Directions for this task: Look below for the line that contains "Ινδονησία: Περισσότεροι από", and write out exactly that line and all remaining lines of the listing, omitting pictures.

Start of Block

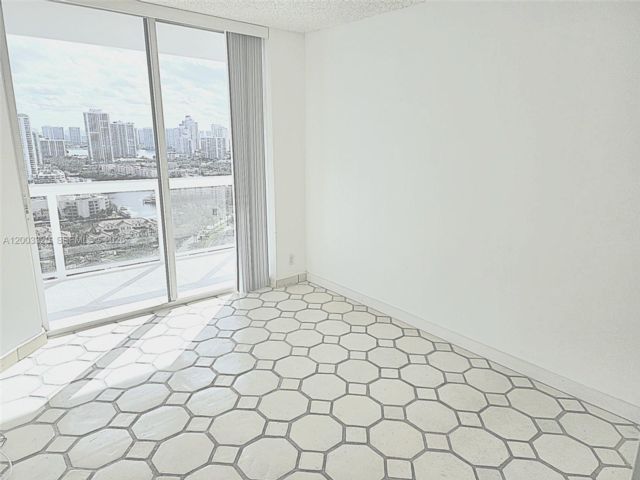 [PHOTO]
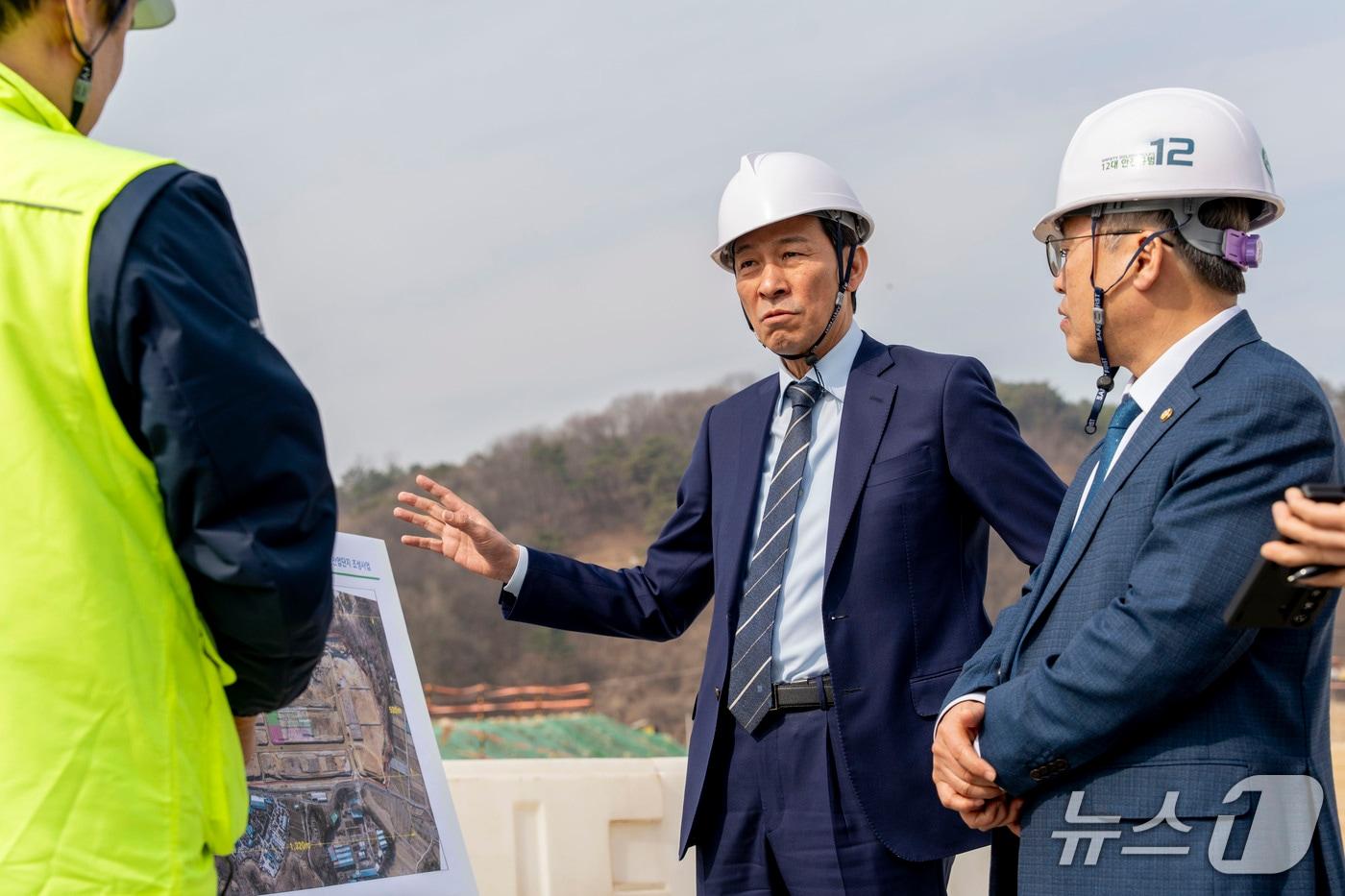 본문 이미지 - 우상호 더불어민주당 강원특별자치도지사 후보는 25일 원주 부론산업단지와 연세대 원주세브란스기독병원을 방문하는 등 '원주·횡성권 현장 정책투어'를 실시했다.(우상호 후보 측 제공. 재판매 및 DB 금지)/뉴스1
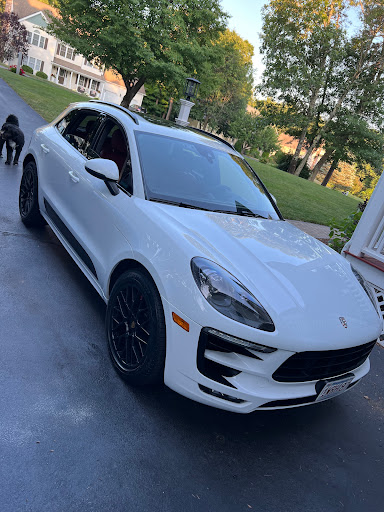 Used Car Dealer «Autobahn USA», reviews and photos, 88 Turnpike Rd, Westborough, MA 01581, USA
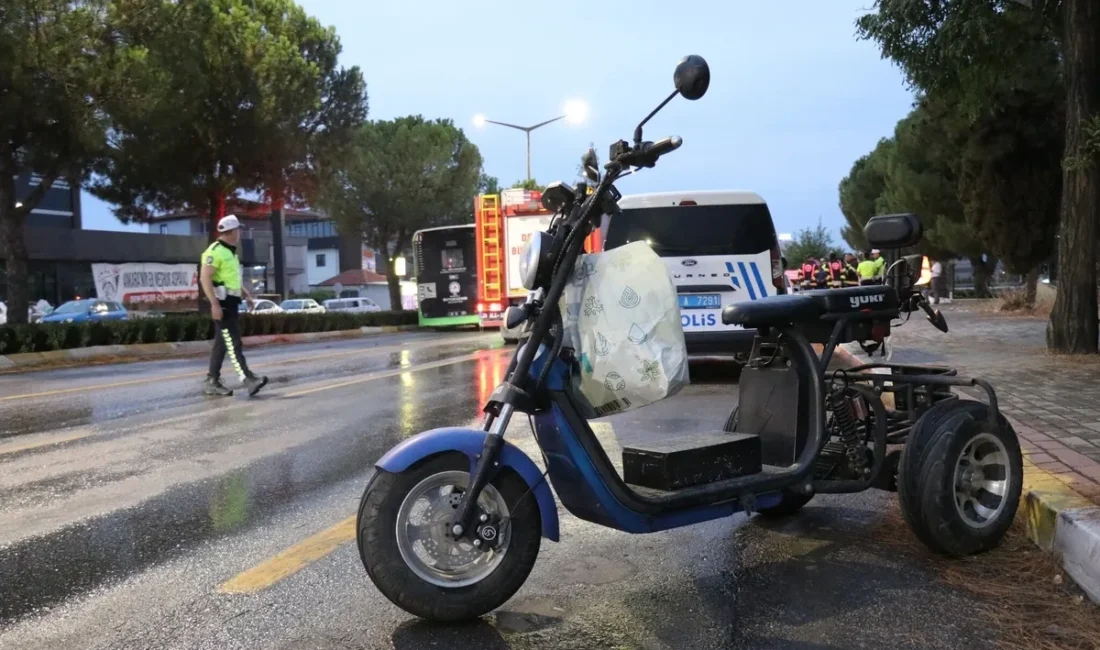 Denizli’nin Merkezefendi ilçesinde yağış nedeniyle kayganlaşan yolda devrilen 3 tekerlekli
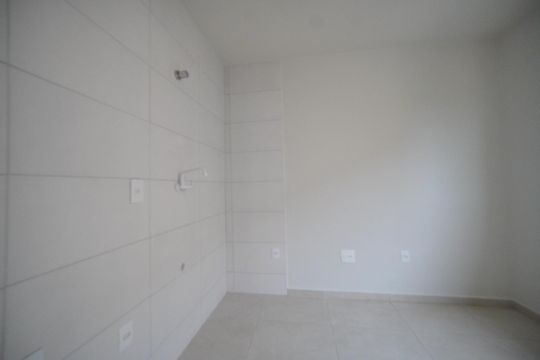 Cozinha  de apartamento para alugar com 1 quarto, 30m² em São João do Rio Vermelho, Florianópolis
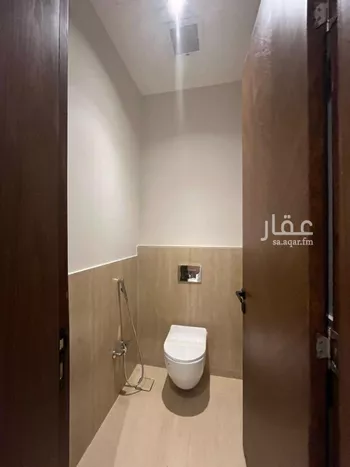 فيلا للبيع في شارع أحمد مفتي المكي الحنفي, حي المهدية, مدينة الرياض, منطقة الرياض صورة 5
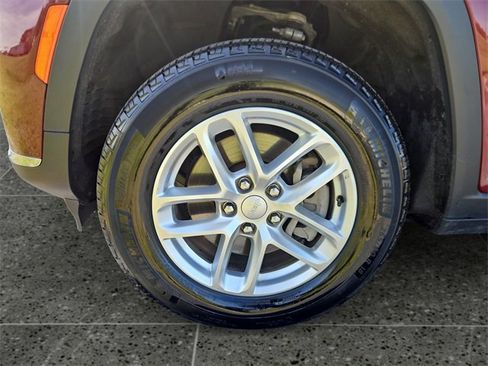 Used 2025 Jeep Grand Cherokee L Laredo w/ Luxury Tech Group I image 14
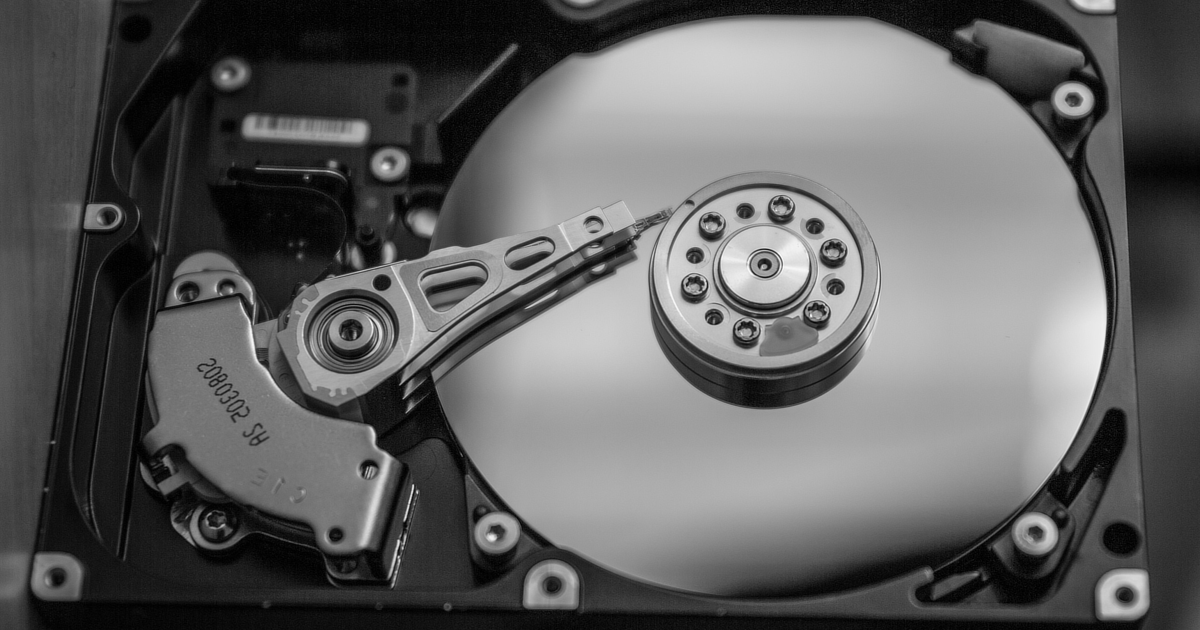 음악 프로젝트 아카이빙을 위한 DAW 세션 정리 화면과 외장 드라이브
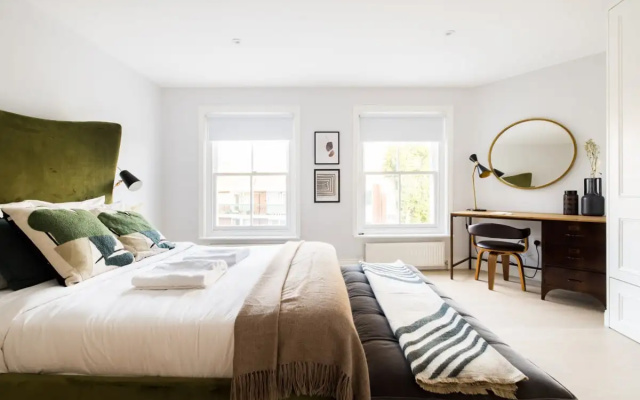 The Margravine Maisonette - Modern & Bright 2BDR Flat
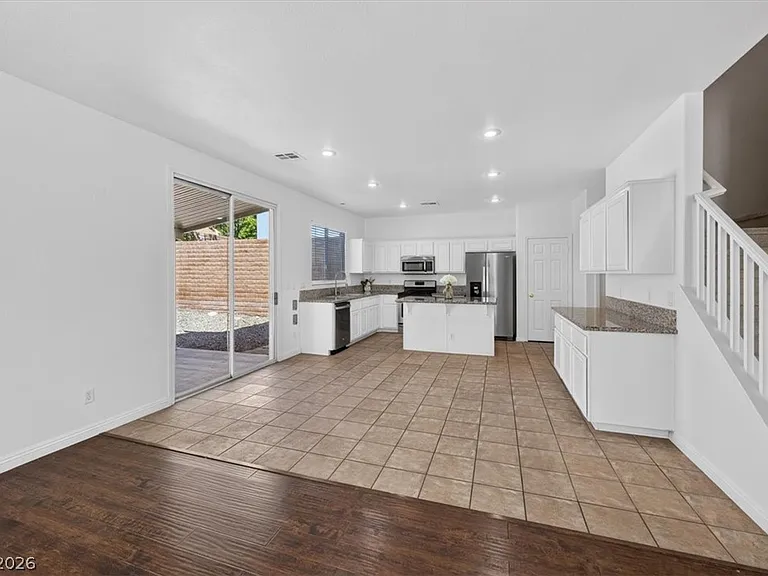 3799 Honey Ridge Ct — Photo 14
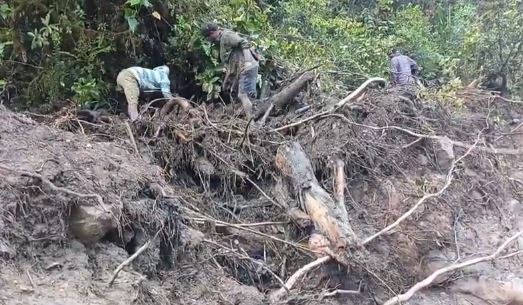 Ινδονησία: Περισσότεροι από 15 άνθρωποι, κυρίως παιδιά, αγνοούνται μετά από πλημμύρες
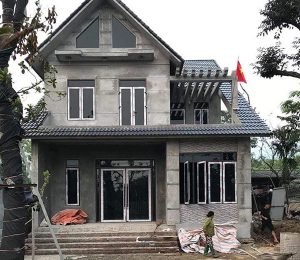 Mẫu cửa nh&ocirc;m k&iacute;nh việt ph&aacute;p m&agrave;u ghi đen đẹp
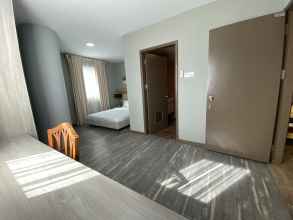 Kamar Tidur 4 The Lanes Hotel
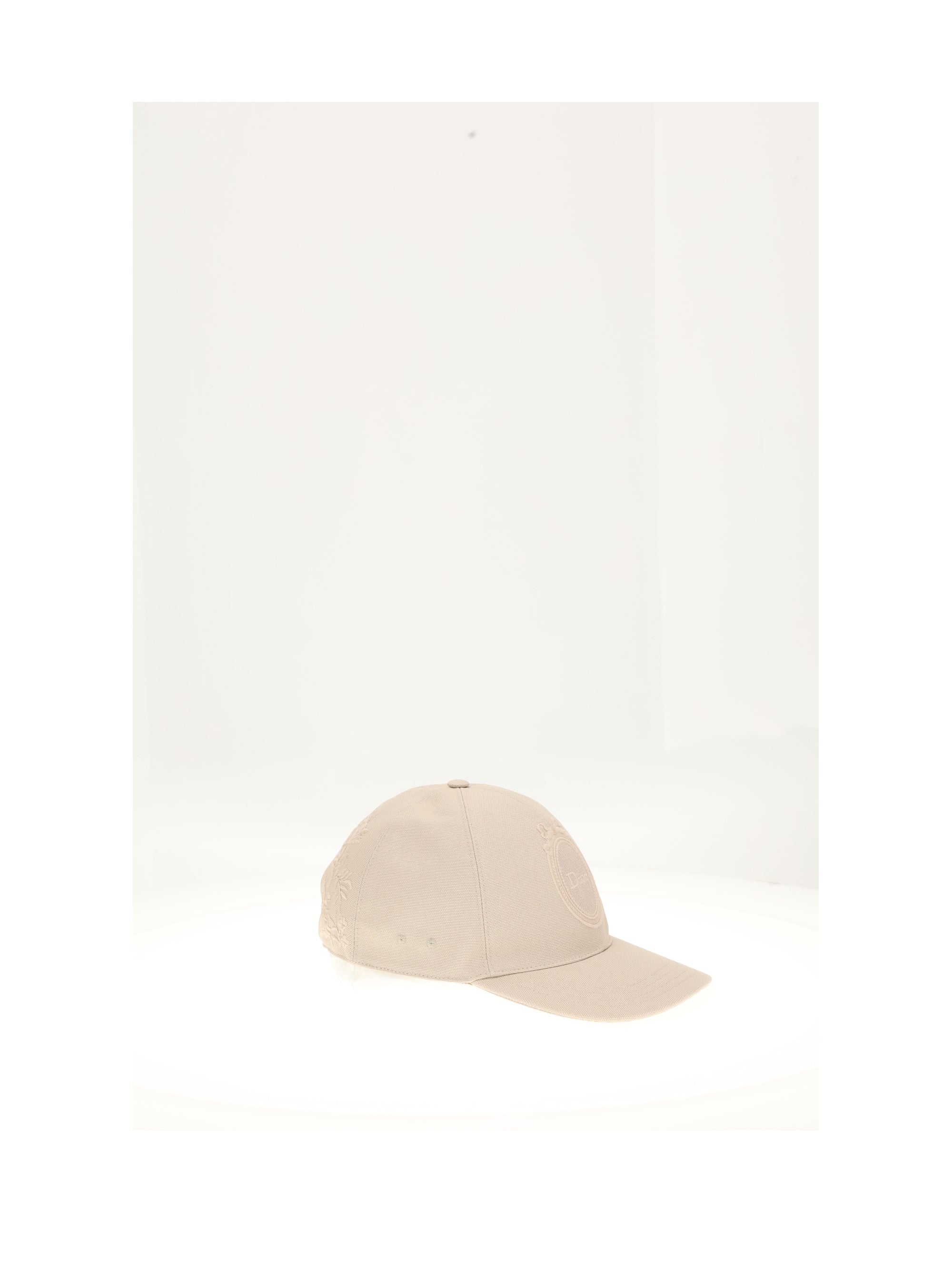 d player cap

End of Block

Written solution:
 Ινδονησία: Περισσότεροι από 15 άνθρωποι, κυρίως παιδιά, αγνοούνται μετά από πλημμύρες
 Mẫu cửa nh&ocirc;m k&iacute;nh việt ph&aacute;p m&agrave;u ghi đen đẹp
 Kamar Tidur 4 The Lanes Hotel
 d player cap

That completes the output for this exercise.